Harga CPO tahun depan banyak dipengaruhi tiga faktor pendukung. Pertama, persoalan perang dagang antara USA-Tiongkok yang belum usai. Akibatnya, Tiongkok kesulitan memenuhi kebutuhan minyak kedelai. Untuk itu, negara tirai bambu harus mencari sumber minyak nabati alternatif terutama dari minyak sawit (CPO).

Kedua, permintaan India dan Pakistan akan meningkat untuk memenuhi kebutuhan dalam negeri. Analis Godrej International, Dorab Mistry, memperkirakan impor sawit dari India tumbuh menjadi 10 juta ton untuk periode 2018/2019. Angka ini lebih tinggi dari 2017/2018 sebanyak 9,25 jt ton.
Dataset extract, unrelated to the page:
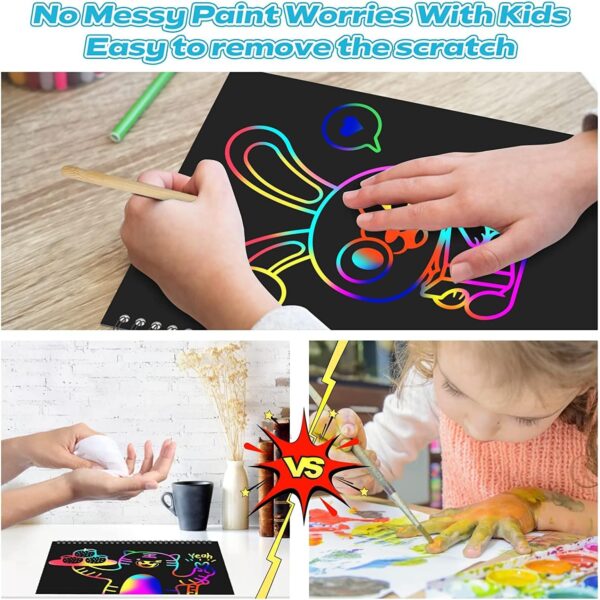 Smasiagon Scratch Paper Art Set for Kids: 2 Pack Scratch Off Arts Crafts Easter Gifts for Kids Ages 3-12 Girls Boys Birthday Christmas Party Favor Games Easter Basket Stuffers DIY Activity - Image 3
Khusus India, tarif pajak impor sawit menjadi tantangan tersendiri bagi Indonesia dan Malaysia.

Aspek ketiga berasal dari dalam negeri Indonesia. Mandatori biodiesel menjadi kunci bagi harga CPO tahun depan. Sebagaimana keinginan Presiden Jokowi untuk mempercepat pelaksanaan mandatori B20.

Faktor pergerakan harga CPO tersebut diungkapkan empat pengamat harga yaitu Togar Sitanggang (Wakil Ketua Umum GAPKI), Dorab Mistry (Analis Godrej International), James Fry (LMC International), dan Thomas Mielke (OilWorld).
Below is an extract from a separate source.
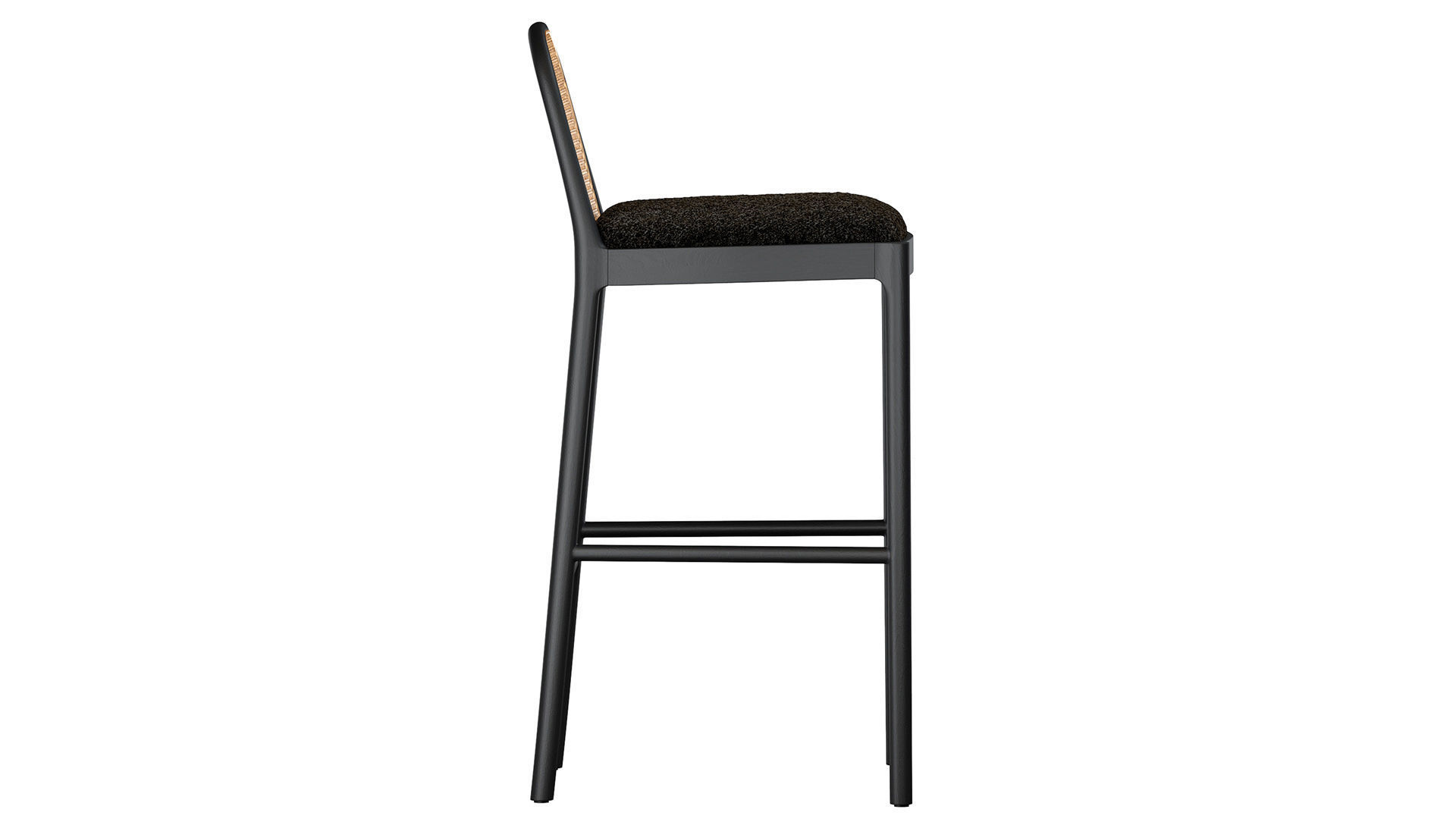NADIA BLACK CANE BAR STOOL Crate Barrel 3D model_1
Togar Sitanggang mengeluarkan proyeksi harga CPO bisa optimis US$600-US$650/Ton pada 2019.”Kenaikan ini banyak dipengaruhi oleh permintaan terutama mandatori biodiesel,”paparnya.

Harga CPO menurut James Fry untuk domestik sebesar US$555/ton apabila pajak ekspor diturunkan menjadi US$20-US$30/ton.

Yang menarik Dorab Mistry, tidak mengeluarkan ramalan harga tahun depan. Lantaran ketidakpastian ekonomi global dunia.